_EXCERPTED RECORDS:_
************

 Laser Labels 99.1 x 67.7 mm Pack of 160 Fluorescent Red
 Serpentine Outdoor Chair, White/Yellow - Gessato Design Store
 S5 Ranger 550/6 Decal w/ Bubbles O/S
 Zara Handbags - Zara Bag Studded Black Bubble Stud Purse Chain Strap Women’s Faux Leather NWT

************

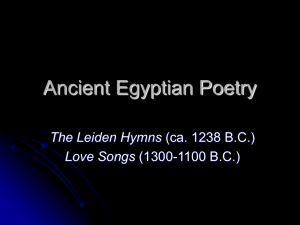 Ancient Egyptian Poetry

************

_EXERCISE AIM:_ Starting at the line with "Laser Labels 99.1" and ending at the line with "Zara Handbags - Zara", print each line of the listing above exactly, with no other lines.

_EXERCISE SOLUTION:_
 Laser Labels 99.1 x 67.7 mm Pack of 160 Fluorescent Red
 Serpentine Outdoor Chair, White/Yellow - Gessato Design Store
 S5 Ranger 550/6 Decal w/ Bubbles O/S
 Zara Handbags - Zara Bag Studded Black Bubble Stud Purse Chain Strap Women’s Faux Leather NWT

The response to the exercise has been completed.